Short text fragments from websites:
#####

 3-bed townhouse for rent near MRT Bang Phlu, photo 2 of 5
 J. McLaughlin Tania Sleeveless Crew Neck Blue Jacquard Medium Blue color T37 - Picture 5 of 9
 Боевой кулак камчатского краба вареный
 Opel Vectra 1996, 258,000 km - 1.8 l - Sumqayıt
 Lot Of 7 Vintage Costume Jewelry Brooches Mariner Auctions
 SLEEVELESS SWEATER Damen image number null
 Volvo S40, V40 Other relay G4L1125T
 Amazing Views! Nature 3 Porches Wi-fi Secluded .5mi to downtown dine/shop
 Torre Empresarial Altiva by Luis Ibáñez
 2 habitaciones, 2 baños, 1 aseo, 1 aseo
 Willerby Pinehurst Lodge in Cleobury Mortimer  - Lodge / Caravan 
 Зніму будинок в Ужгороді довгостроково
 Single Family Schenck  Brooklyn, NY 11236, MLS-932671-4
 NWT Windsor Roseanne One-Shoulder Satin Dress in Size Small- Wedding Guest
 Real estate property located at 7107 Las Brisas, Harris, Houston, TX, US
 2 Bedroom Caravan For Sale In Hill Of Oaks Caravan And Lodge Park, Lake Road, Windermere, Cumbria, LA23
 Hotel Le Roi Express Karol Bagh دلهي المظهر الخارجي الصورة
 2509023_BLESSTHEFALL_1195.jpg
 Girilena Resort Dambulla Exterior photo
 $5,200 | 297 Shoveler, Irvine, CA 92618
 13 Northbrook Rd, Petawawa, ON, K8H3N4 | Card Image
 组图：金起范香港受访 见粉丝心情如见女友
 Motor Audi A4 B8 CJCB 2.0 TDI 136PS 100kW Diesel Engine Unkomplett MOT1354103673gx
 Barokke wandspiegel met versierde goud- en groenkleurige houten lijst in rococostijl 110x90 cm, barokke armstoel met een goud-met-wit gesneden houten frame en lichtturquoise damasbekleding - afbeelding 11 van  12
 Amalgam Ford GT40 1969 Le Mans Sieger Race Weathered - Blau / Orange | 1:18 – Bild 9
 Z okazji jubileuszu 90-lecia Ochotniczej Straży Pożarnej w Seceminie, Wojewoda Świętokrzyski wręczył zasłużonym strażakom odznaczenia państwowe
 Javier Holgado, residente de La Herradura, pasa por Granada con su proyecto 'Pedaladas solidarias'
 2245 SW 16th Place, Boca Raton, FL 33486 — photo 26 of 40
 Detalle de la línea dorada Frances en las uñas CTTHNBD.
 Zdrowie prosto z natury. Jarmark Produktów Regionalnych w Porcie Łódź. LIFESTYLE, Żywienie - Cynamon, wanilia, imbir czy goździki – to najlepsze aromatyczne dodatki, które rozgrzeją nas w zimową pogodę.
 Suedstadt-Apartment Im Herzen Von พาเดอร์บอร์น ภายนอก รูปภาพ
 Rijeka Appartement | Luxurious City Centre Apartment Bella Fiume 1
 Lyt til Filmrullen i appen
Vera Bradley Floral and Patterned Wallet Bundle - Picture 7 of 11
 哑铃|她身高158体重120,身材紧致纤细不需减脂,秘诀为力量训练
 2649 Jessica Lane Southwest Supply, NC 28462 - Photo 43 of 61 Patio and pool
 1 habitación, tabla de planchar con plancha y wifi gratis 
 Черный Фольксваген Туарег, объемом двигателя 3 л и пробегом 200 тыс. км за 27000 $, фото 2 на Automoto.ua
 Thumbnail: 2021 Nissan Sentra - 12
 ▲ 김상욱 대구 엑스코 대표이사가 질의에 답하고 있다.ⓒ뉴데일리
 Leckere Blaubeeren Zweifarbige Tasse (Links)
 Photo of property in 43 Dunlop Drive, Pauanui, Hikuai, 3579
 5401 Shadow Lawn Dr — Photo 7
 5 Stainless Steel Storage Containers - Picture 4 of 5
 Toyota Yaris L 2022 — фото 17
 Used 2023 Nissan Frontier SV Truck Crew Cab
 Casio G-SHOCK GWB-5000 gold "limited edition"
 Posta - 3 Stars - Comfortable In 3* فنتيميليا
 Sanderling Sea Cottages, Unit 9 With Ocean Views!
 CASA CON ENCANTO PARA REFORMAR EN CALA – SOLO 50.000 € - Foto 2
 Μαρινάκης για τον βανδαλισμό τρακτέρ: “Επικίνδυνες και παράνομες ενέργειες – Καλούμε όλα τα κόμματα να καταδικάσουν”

#####

TASK REQUIREMENTS:
Look above for the line with "Real estate property"; retype exactly that line, every line after it up to the line with "Suedstadt-Apartment Im Herzen", and that line too, nothing else.

WORKED SOLUTION:
 Real estate property located at 7107 Las Brisas, Harris, Houston, TX, US
 2 Bedroom Caravan For Sale In Hill Of Oaks Caravan And Lodge Park, Lake Road, Windermere, Cumbria, LA23
 Hotel Le Roi Express Karol Bagh دلهي المظهر الخارجي الصورة
 2509023_BLESSTHEFALL_1195.jpg
 Girilena Resort Dambulla Exterior photo
 $5,200 | 297 Shoveler, Irvine, CA 92618
 13 Northbrook Rd, Petawawa, ON, K8H3N4 | Card Image
 组图：金起范香港受访 见粉丝心情如见女友
 Motor Audi A4 B8 CJCB 2.0 TDI 136PS 100kW Diesel Engine Unkomplett MOT1354103673gx
 Barokke wandspiegel met versierde goud- en groenkleurige houten lijst in rococostijl 110x90 cm, barokke armstoel met een goud-met-wit gesneden houten frame en lichtturquoise damasbekleding - afbeelding 11 van  12
 Amalgam Ford GT40 1969 Le Mans Sieger Race Weathered - Blau / Orange | 1:18 – Bild 9
 Z okazji jubileuszu 90-lecia Ochotniczej Straży Pożarnej w Seceminie, Wojewoda Świętokrzyski wręczył zasłużonym strażakom odznaczenia państwowe
 Javier Holgado, residente de La Herradura, pasa por Granada con su proyecto 'Pedaladas solidarias'
 2245 SW 16th Place, Boca Raton, FL 33486 — photo 26 of 40
 Detalle de la línea dorada Frances en las uñas CTTHNBD.
 Zdrowie prosto z natury. Jarmark Produktów Regionalnych w Porcie Łódź. LIFESTYLE, Żywienie - Cynamon, wanilia, imbir czy goździki – to najlepsze aromatyczne dodatki, które rozgrzeją nas w zimową pogodę.
 Suedstadt-Apartment Im Herzen Von พาเดอร์บอร์น ภายนอก รูปภาพ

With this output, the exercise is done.